Another penalty of that German-grade handling is a taut suspension that doesn’t smother bumps very well with the 18-inch wheels standard on the Titanium and optional on the SE. Ride quality is harsh with the optional 19s. The newer rivals from Honda, Mazda, Toyota, even Hyundai and Kia do a better job of keeping wind and road noise out of the interior.
10. What about safety?
Crash-test ratings are about average for the class. The ‘16 Escape earns four stars for overall occupant protection in the government’s 5-Star Safety Ratings system. Also earning four stars are such rivals as the CR-V, Jeep Cherokee, Kia Sportage, and Nissan Rogue, though the RAV4 earns the full five.
The ’16 hasn’t undergone testing by the influential, insurance-industry-funded Insurance Institute for Highway Safety, but the virtually identical 2015 Escape earned the “Good” ratings for side and roof protection and in the “moderate overlap front” test, as when two vehicles collide front-corner to front-corner. That’s a wrung below the institute’s Top Safety Pick categories. Blame the lowest “Poor” rating the crossover received for occupant protection in the “small overlap front” test, as when a vehicle’s left-front corner strikes a pole or tree. Lack of a front-crash-prevention, such as automatic braking, made it ineligible for ystem
11. How’s the reliability and resale value?
Initial quality is good, predicted reliability subpar, and residual values lag behind top rivals. Owner-survey results aren’t yet available for the ’16 Escape, but the ’15 model was the compact-crossover-class award winner for initial quality in owner polls compiled by J.D. Power, the leading automotive-consumer-assessment firm. That’s a step up from the average-to-below-average ratings for previous model years. It may bode well for predicted reliability, which was consistently subpar in earlier Power rankings. Indeed, the 2013- and ’14-model Escapes racked up an unusually high number of safety and repair-related recalls.

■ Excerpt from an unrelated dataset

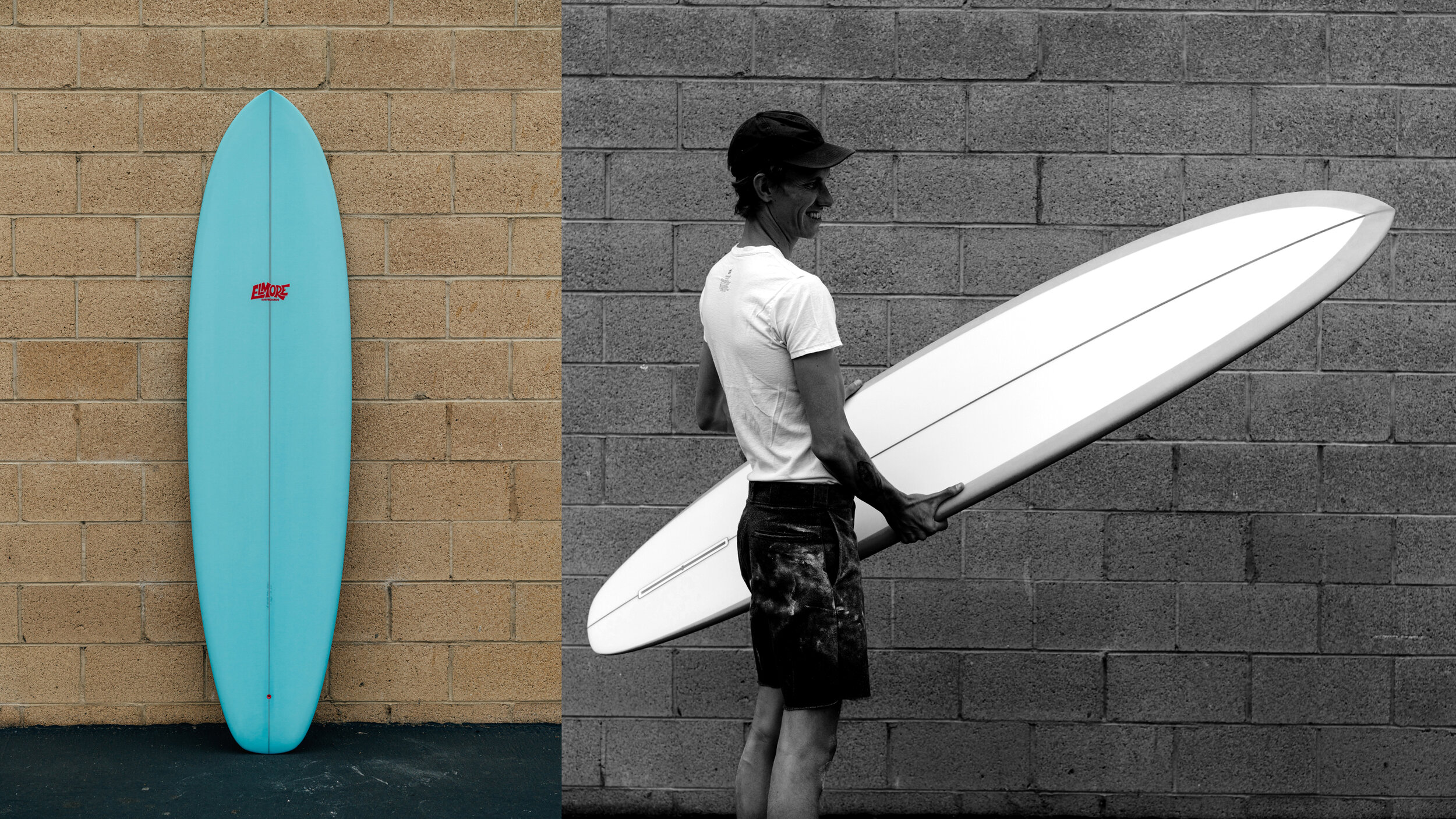 Elmore Surfboards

As for resale value, the residual-value-tracking firm ALG rates the ‘15 Escape’s depreciation about average among all vehicles. However, ALG projects it’ll retain around 37-40 percent (depending on trim line) of its original sticker price after five years. That’s short of the 42-44 percent predicted for the RAV4 and the 45-46 percent projected for the CR-V.
12. Is it better than the competition?
Credit Ford for tapping its global vehicle inventory to bring Americans a compact crossover fully competitive with any in the world – and better than most for road manners and interior materials. But this design is beginning to show its age, not just in styling but in cabin layout and roominess. In this class, the RAV4 and CR-V set the bar high for space and utility, the Jeep Cherokee for off-road prowess, the Subaru Forester for all-around virtue, and the CX-5 for design and engineering sophistication. Still, Escape’s blend of assets and the willingness of Ford and its dealers to work with you on pricing should earn it a place on your shopping list.